You would argue that somewhere there must be a counterpart, some village Fu Manchu who has been born to blush unseen. You would say that this man whom we know so well couldn't just have happened. He might have been touched up a bit, you will say, but there must have been something to go on.

Well, you can ask the author. He's a very affable fellow and modest with it. He talks of Fu Manchu as you or I would talk of the Smiths or the Robinsons, or the people next door. Just that same air of nonchalant friendliness.

You can ask him and he will tell you in the most casual way that Fu Manchu just happened, that he built him up as laboriously as a sculptor fashions a figure, putting on a bit here and taking off a bit there, until, lo and behold! there it is in its completeness.

How did the idea come? Well, it's a good story.

In those pre-Manchu days Sax Rohmer, a young Irishman, was doing what all young Irishmen are supposed to do---that is to say, take London by storm. The storm was a lot way farther off than next week's rent. He searched around for a plot, but no plot came. One day was just like another, and there was not a great deal to show for it.

But let Sax Rohmer tell his own story:


"I was a young man and I was ambitious. I had written my first story at seventeen, and I had not written another one; perhaps that was why.

Hoping and Arriving

"All the time I thought it would be very nice to be an author; you know the sort of thing that appeals to young men in rooms in a London suburb.
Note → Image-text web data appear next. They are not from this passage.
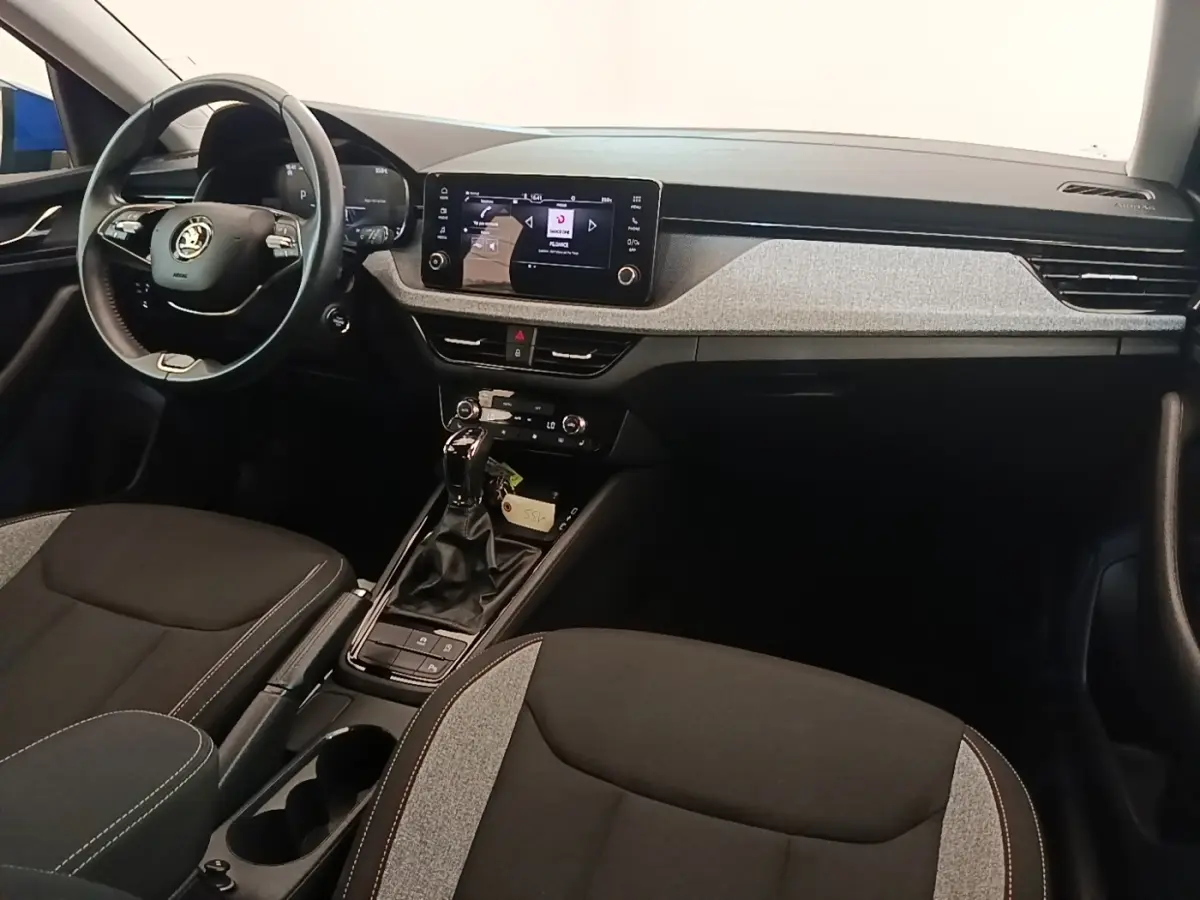 Vue intérieure avant droite de la Skoda Scala 2024, tableau de bord avec écran tactile et volant cuir alu multifonctions.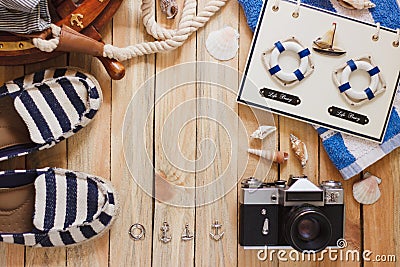 Striped slippers, camera and maritime decorations on the wooden background Stock Photo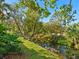 Peaceful waterfront view with lush vegetation along the canal at 6417 Meadowlark Ln # 6417, Bradenton, FL 34210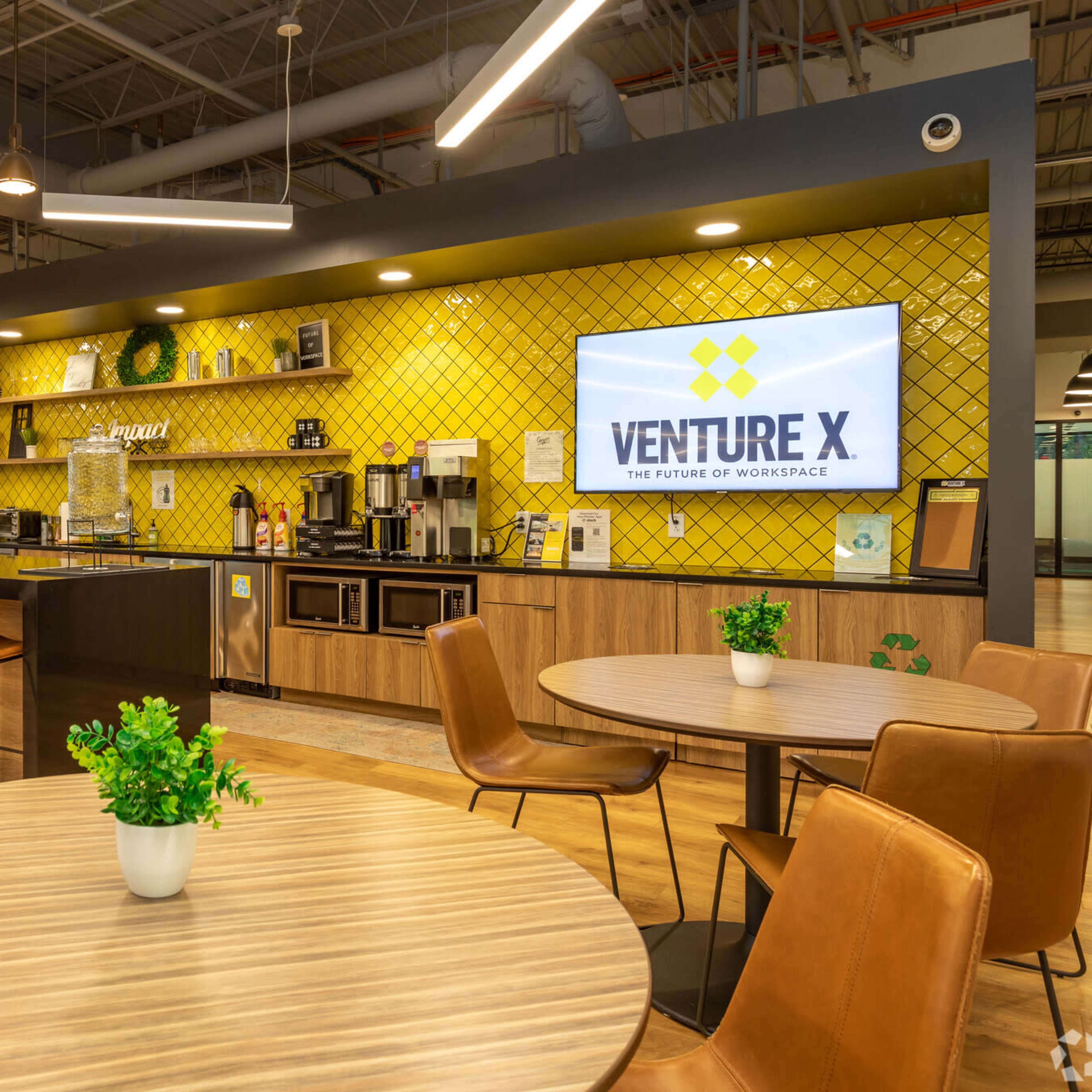 A modern coworking space featuring a bar area with yellow tiled walls, seating at a counter, and tables with plants.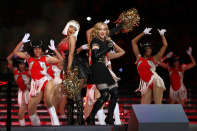 Nicki and Madge pulled out all the stops and went rocked full-blown cheerleader outfits for the 2012 Superbowl. Nicki donned a red and black leather outfit while Madonna vamped it up in all black, adding her signature gloves and thigh-high boots to stand out from the crowd.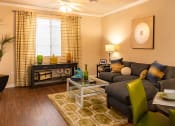 Thumbnail 43 of 55 - a living room with a brown couch and green chairs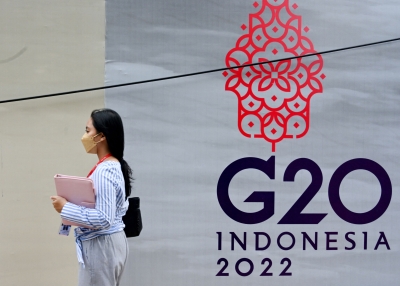 A woman walks past a logo of the G20 Summit, in Jakarta on November 8, 2022.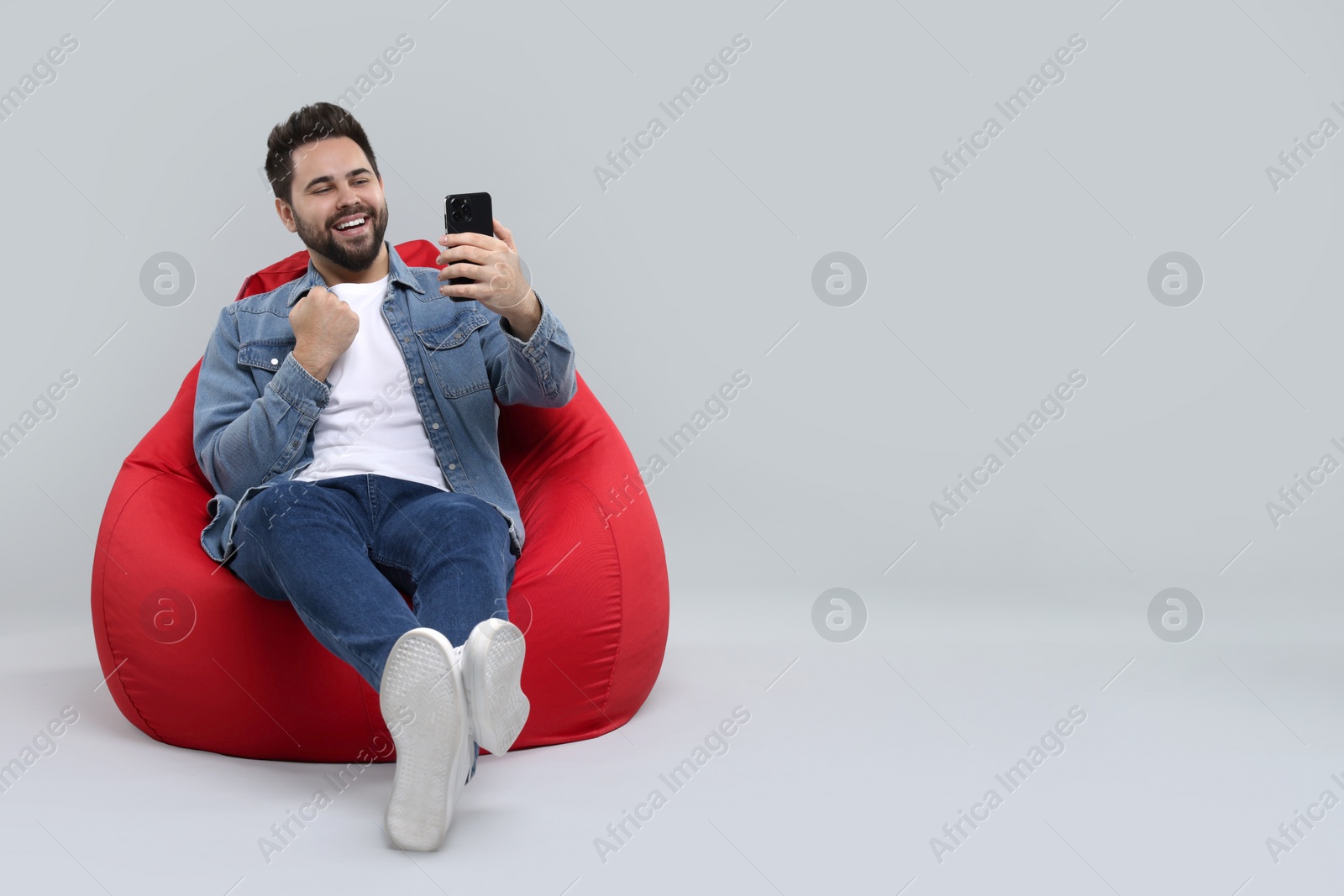 Photo of Happy young man using smartphone on bean bag chair against grey background, space for text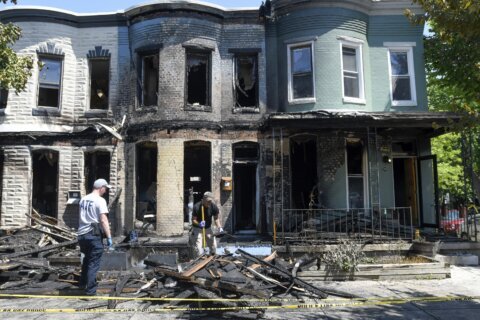 3 hurt in fire in row homes on block where pride flag burned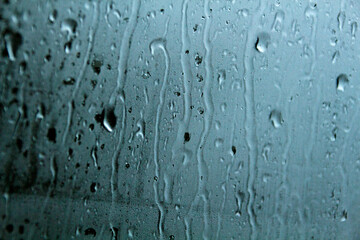 Foggy glass with falling drops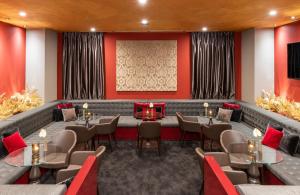 un restaurant avec des murs rouges, des tables et des chaises dans l'établissement Leonardo Royal Hotel Venice Mestre, à Mestre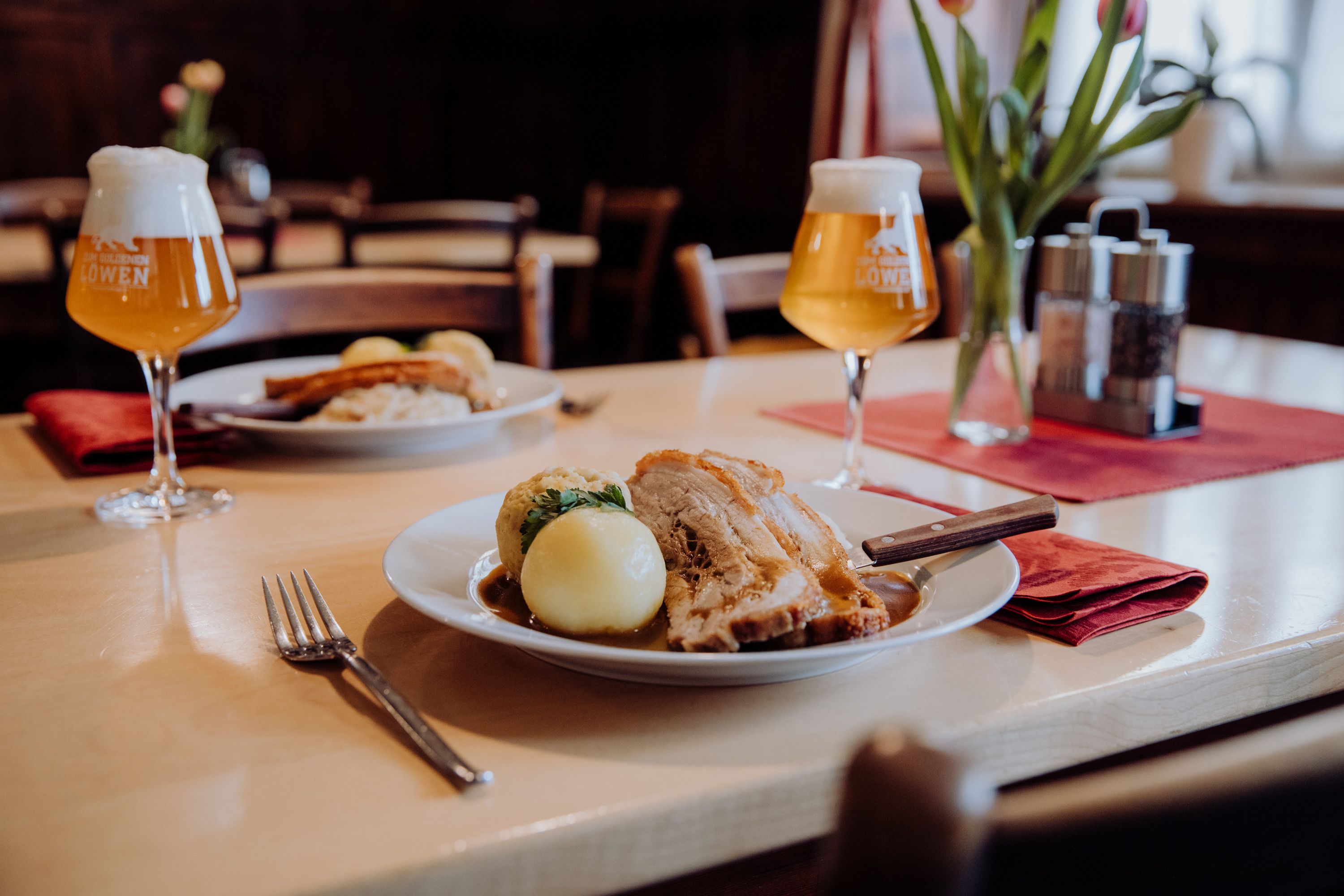 Schweinsbraten mit Knödel und Bier in einem gemütlichen Restaurant.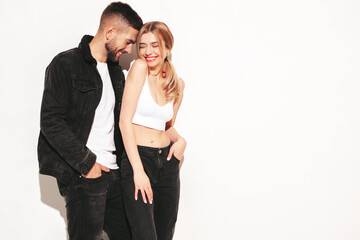 Sexy smiling beautiful woman and her handsome boyfriend. Happy cheerful family having tender moments.Young passionate couple hugging. Sensual pair isolated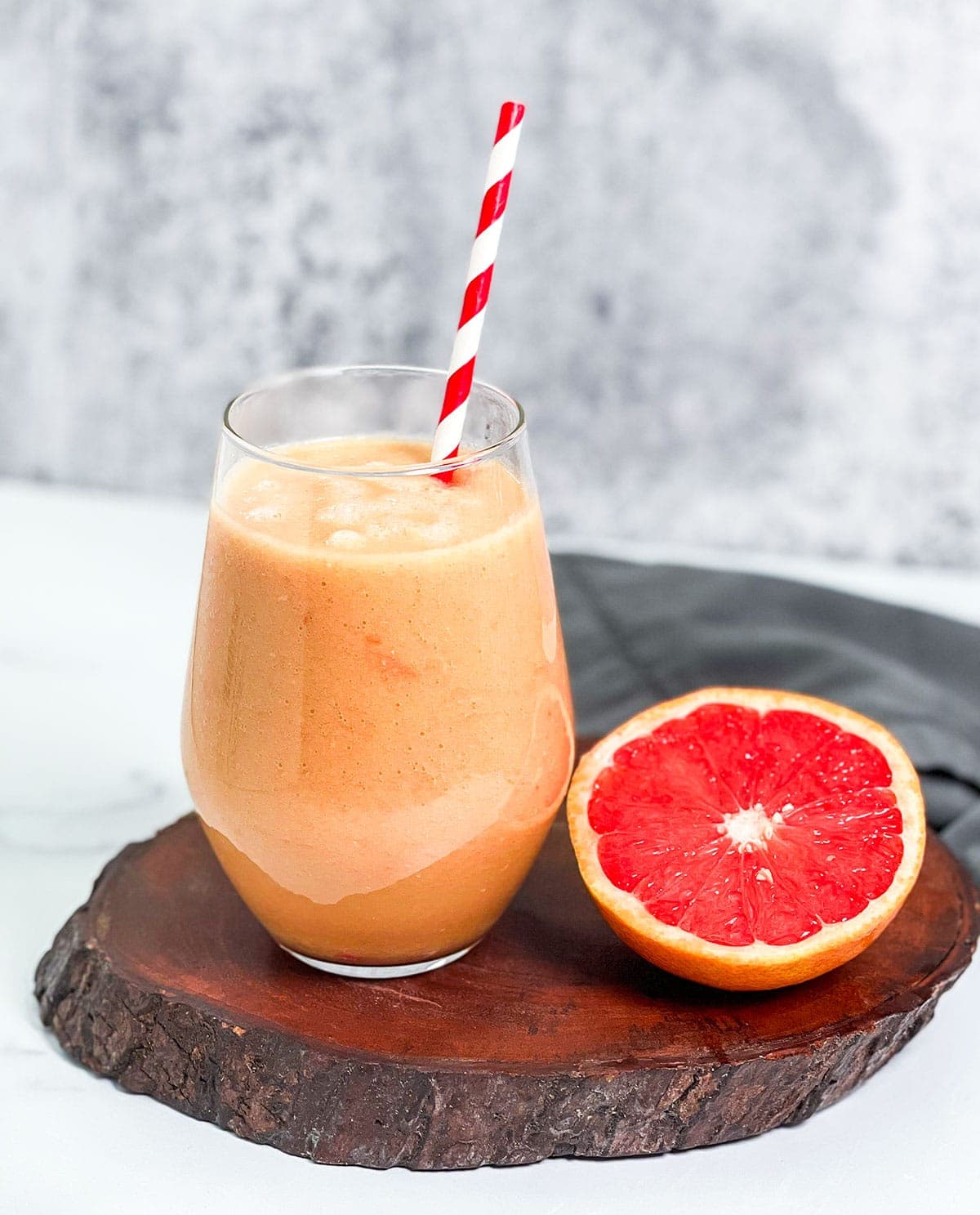 Grapefruit smoothie in a glass on a wooden board with a red and white straw
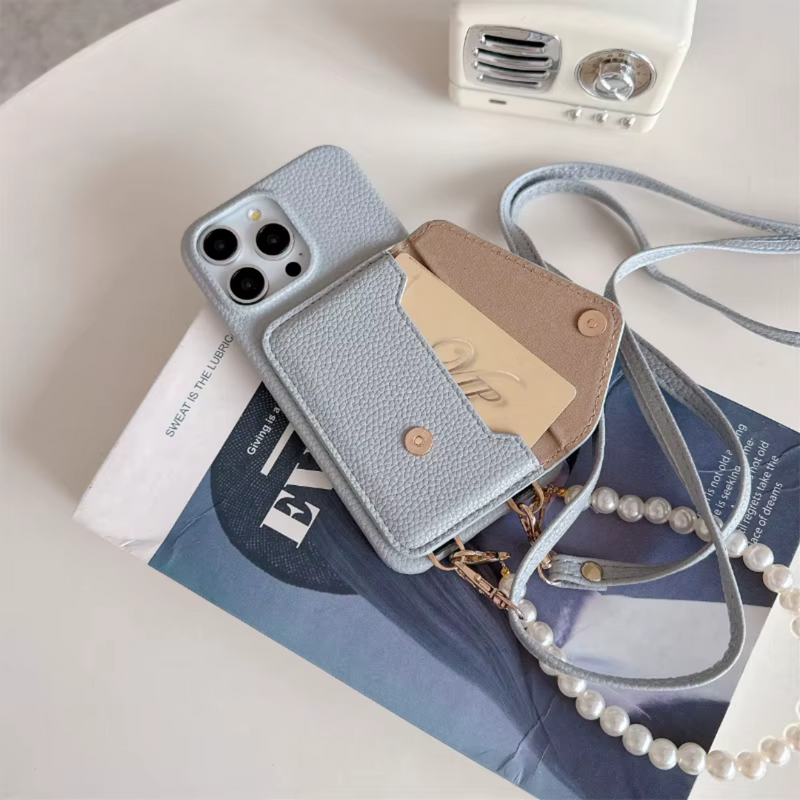 iPhone Umhängehülle Pearl in Hellblau aus veganem Leder mit geöffnetem Kartenfach, Perlenkette und verstellbarem Umhängeband – stilvoll arrangiert auf einem Magazin mit dekorativem Mini-Lautsprecher.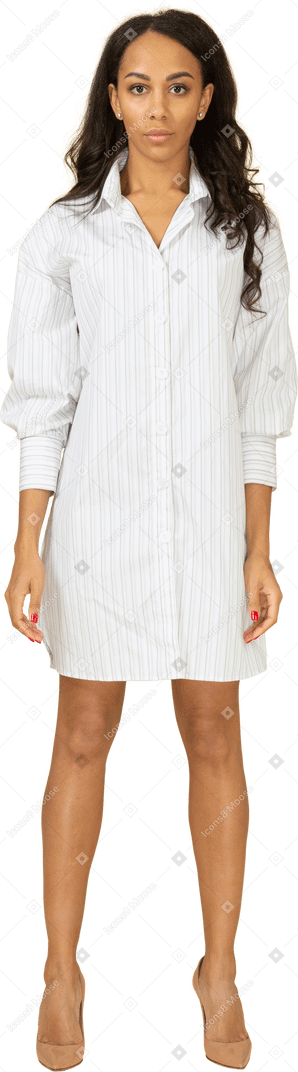 Vista frontal de una mujer joven de piel oscura confiada en vestido blanco mirando a la cámara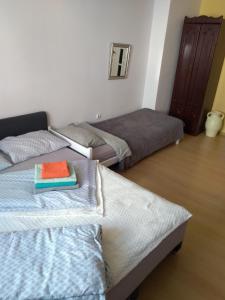 Posteľ alebo postele v izbe v ubytovaní Hostel Staromiejski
I suppose all young men in lodgings want to be writers; the trouble is that there are so many lodgings!

"Looking back on those days I was happy enough. You know Stevenson's line about it being better to travel hopefully that to arrive, though I don't think that's true. It would be much better traveling hopefully if you knew you were going to arrive, some day, somehow, somewhere.

"A few of us shared a studio in Clapham Old Town, and we liked to tell one another what we were going to do when we were famous. We also told our guests. How we managed to entertain I don't know. The pièce de résistance was roast potatoes and the other course was shredded wheat. There was beer, of course.

Enter Planchette

"The illusion of fame never left me even at Clapham station. But don't put that down or you will get lots of Claphamites writing in to say that beauty is in the eye of the beholder or something of the sort.

"Well, one of the fellows and I bought a planchette board. We were always asking it questions. I remember I asked it whether I should ever be a success as a writer of fiction, and it said that I would. When I asked it in what direction it answered the one word 'Chinaman.' We asked it again and still the answer was definitely and unmistakenly 'Chinaman.' I couldn't understand it at all for I knew nothing in those days about China or Chinamen.


Mr. Sax Rohmer's hands on the planchette board
that told him he would be a success as a writer,
and added the word "Chinaman."
The Chinaman developed into Dr. Fu Manchu.

I must have remembered that when I sat down to write a book some time afterwards. All the usual types had been worked to death and so I lighted on the idea of a Chinaman, and what a Chinaman he was going to be!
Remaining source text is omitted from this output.